Bounce Back Loans: staying on the straight and narrow
A quick glance at the Insolvency Service’s website will confirm just how seriously the agency is taking fraud related to the government’s Bounce Back Loan scheme.
Bounce Back Loans, or BBLs, were government-guaranteed loans designed to support businesses through the covid pandemic. Under the rules of the scheme, companies were allowed to borrow up to 25% of their previous year’s turnover, up to a maximum of £50,000.
Because of the speed at which the loans were rolled-out, there was little scrutiny of applications for BBLs. Officials at BEIS, the British Business Bank and the Treasury have since acknowledged that there were risks to the scheme but that these were a result of having to work at speed to respond to the pressure of the first lockdown.
Misuse and the real implications
A key condition for the Bounce Back Loan scheme was that the loan had to be used only for the purposes of the business. In some circumstances this could include the director drawing a reasonable income.
If a BBL was used incorrectly, it could lead to a director being found to be unfit, opening them up not only to disqualification but also to personal liability to repay that loan. There are numerous cases of director’s disqualifications linked to Bounce Back Loan fraud appearing daily in the news. In some cases, a disqualification and repayment aren’t the worst consequences.
Thankfully, the vast majority of Bounce Back Loans were used for the designed purpose. And a huge number of businesses were able to survive as a consequence of this Government support.
However, for many those funds have run out before the business’ marketplace has sufficiently revived. This has led to many needing to discuss options with a professional, safe in the knowledge they have not used the funds fraudulently or incorrectly.
Some published examples of fraudulent use are as follows.
Suspended prison sentence for Bounce Back Loan fraudster
Ben Hamilton, 34, from Middlesbrough, was sentenced to 15 months imprisonment, suspended for 18 months, following abuse of the Bounce Back Loan scheme.
His business, Netelco Ltd, a telecommunications design and installation business based in Bishop Auckland, successfully applied for a £25,000 loan. The loan was paid into the company bank account on 14 May 2020. The following day Hamilton filed paperwork with Companies House to have the business dissolved.
While the company was dissolved in December 2020, it was subsequently identified as a likely Bounce Back Loan fraud case and reopened so that it could be investigated. In addition to the suspended sentence, Hamilton was ordered to pay £2,500 in costs.
11 year ban for exaggerating business turnover
Shafiqur Rahman received an 11-year director’s disqualification for claiming a £25,000 Bounce Back Loan to fund his company, Aspire Sports Coaching & Partners Ltd. This figure was more than 11 times the money his business was entitled to. Rahman spent £20,000 of the loan without being able to prove it had been used to support the company.
An investigation was triggered after the business folded in May 2021. Investigators found that, based on the company’s actual turnover, it should have been eligible for a Bounce Back Loan of £2,000.
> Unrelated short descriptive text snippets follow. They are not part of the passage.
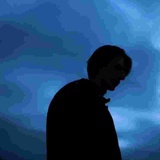 丿\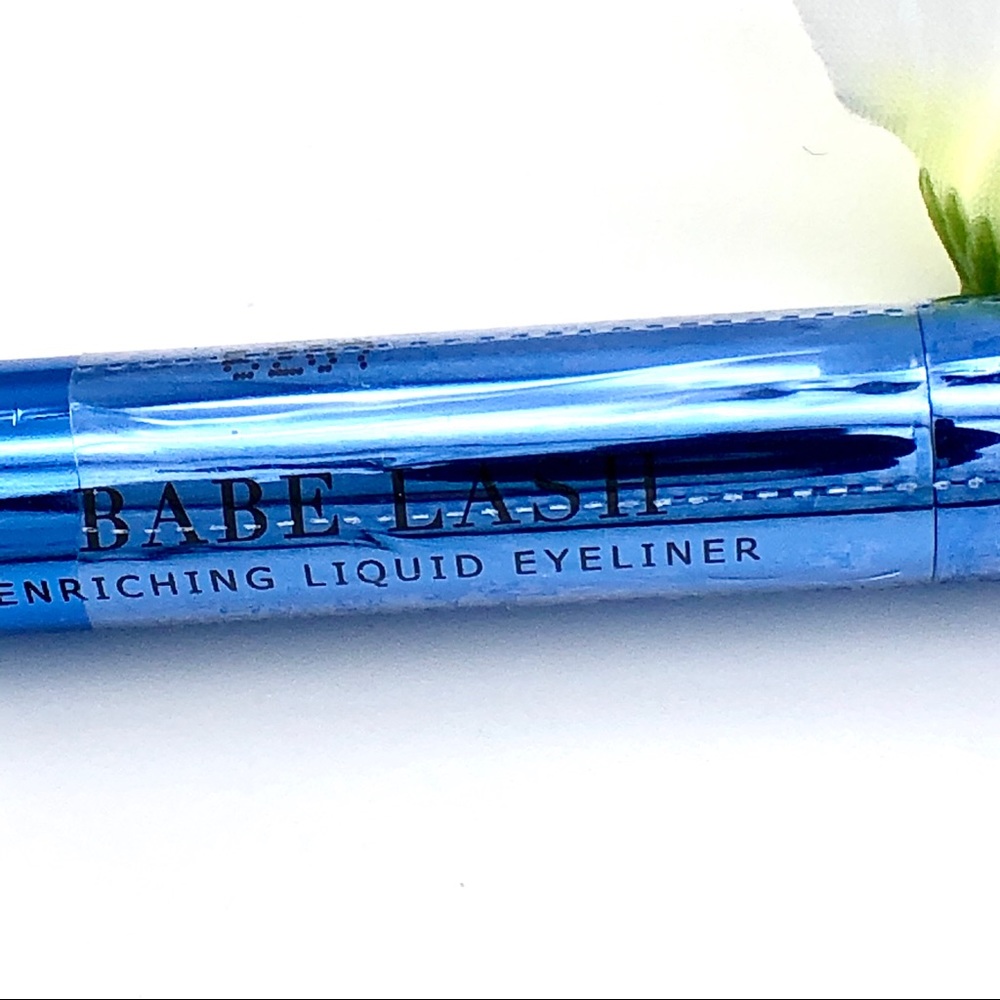 NIB Babe Lash® Enriching Liquid Eyeliner - Picture 3 of 14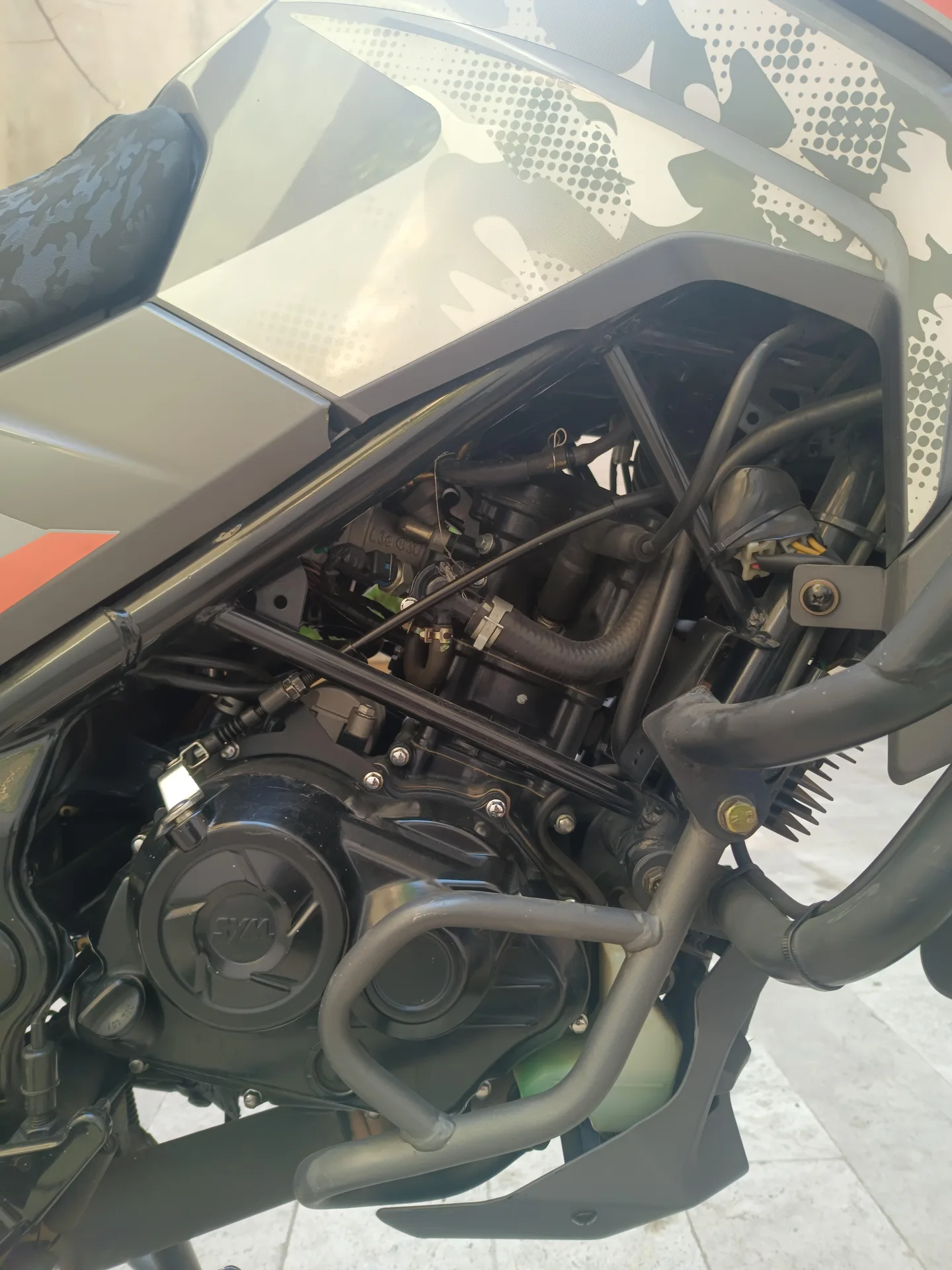 اس وای ام  گلکسی NH 180 4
Investigators also discovered that Rahman had paid £20,000 out of the company, and had given a false invoice for the amount to liquidators to try to account for the unexplained payment. The business closed with debts of £25,000 – the full amount of the loan money.
What can you do if you are struggling to repay your BBL?
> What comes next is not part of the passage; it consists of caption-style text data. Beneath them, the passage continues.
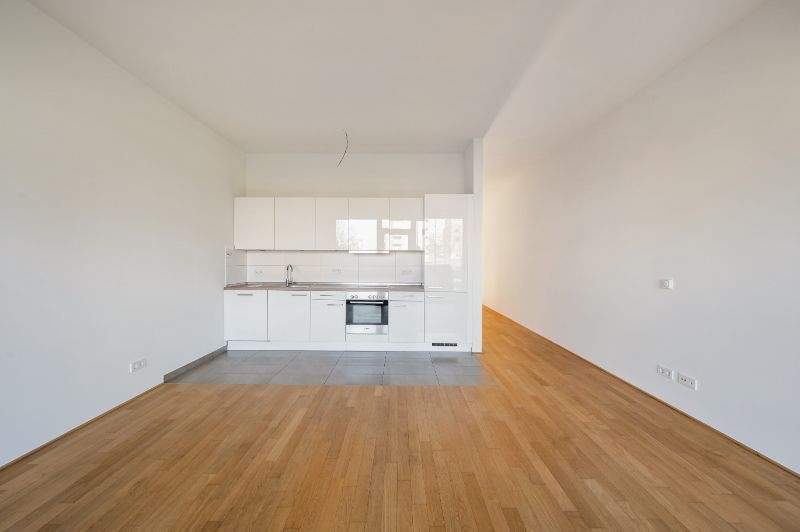 Etagenwohnung Bremen Handelshäfen - 3 Zimmer, 84 m&sup2;, 1.350&euro; | Angebot:25815465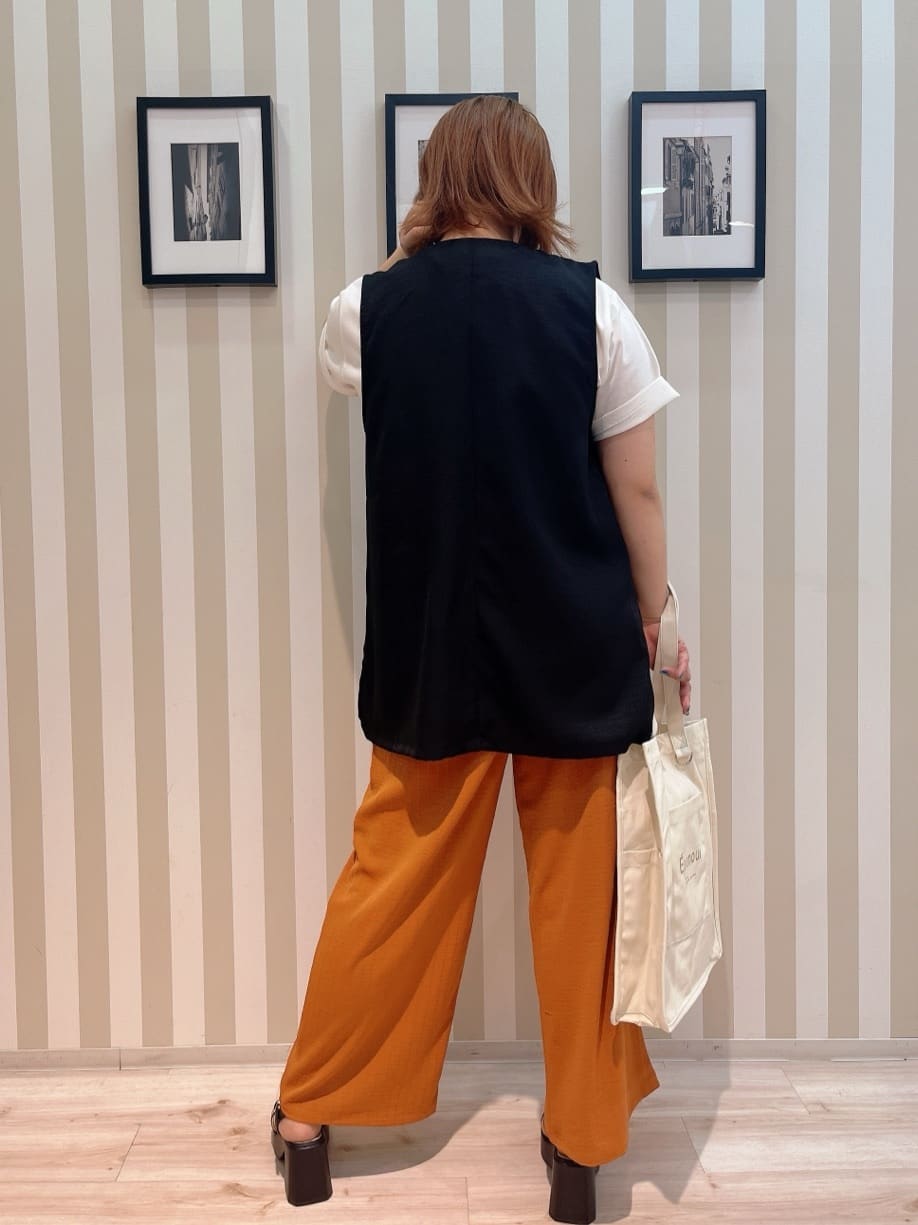 みさぼうさんの「SHOO･LA･RUE｜◆【S-LL/ひんやり/UV】汗をかいても気になりにくい グラフィックTシャツ」を使ったコーディネート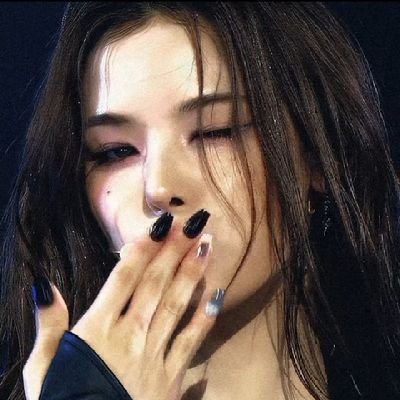 dreyllsz's profile picture. EYES CLOSED its out now!!! GO STREAM!!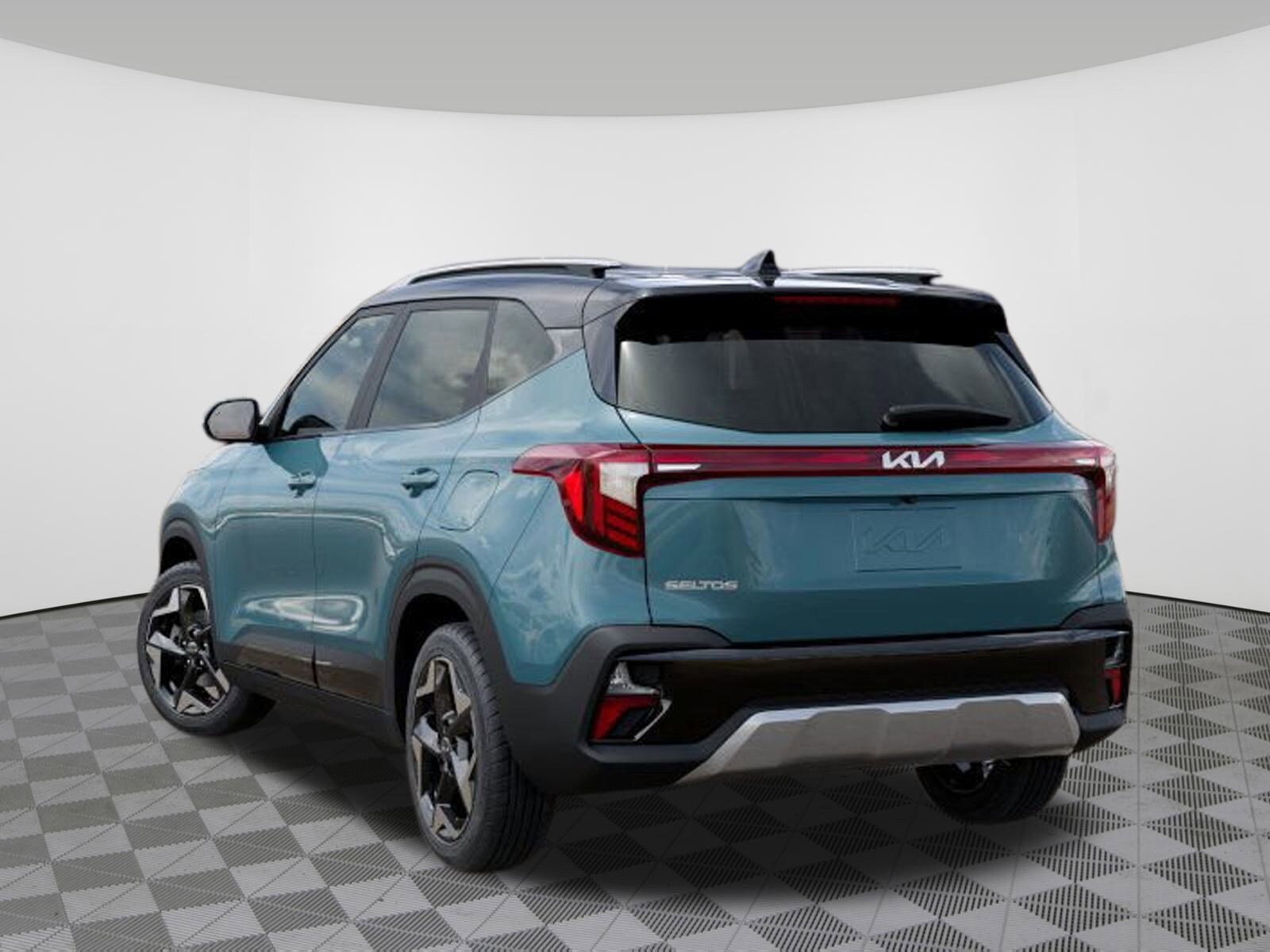 2026 Kia Seltos S photo 3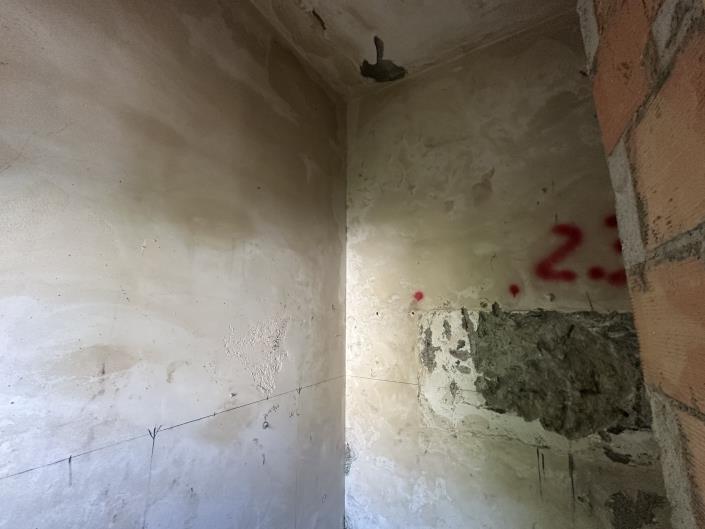 Image No.24-2 Bed Semi-Detached for sale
There’s no single answer to this question. If your business becomes insolvent, or you choose to liquidate your company, the insolvency practitioners at FA Simms and Partners, as all insolvency practitioners do, have a legal duty to investigate the causes of the company’s failure.
If you took out a Bounce Back Loan and are unsure if you might have broken the rules, then it’s vital that you seek expert advice. Our licensed insolvency practitioners will be able to assess your situation and advise accordingly. All the possibilities must be duly considered and any likely consequences for directors discussed. These will of course depend on your individual circumstances.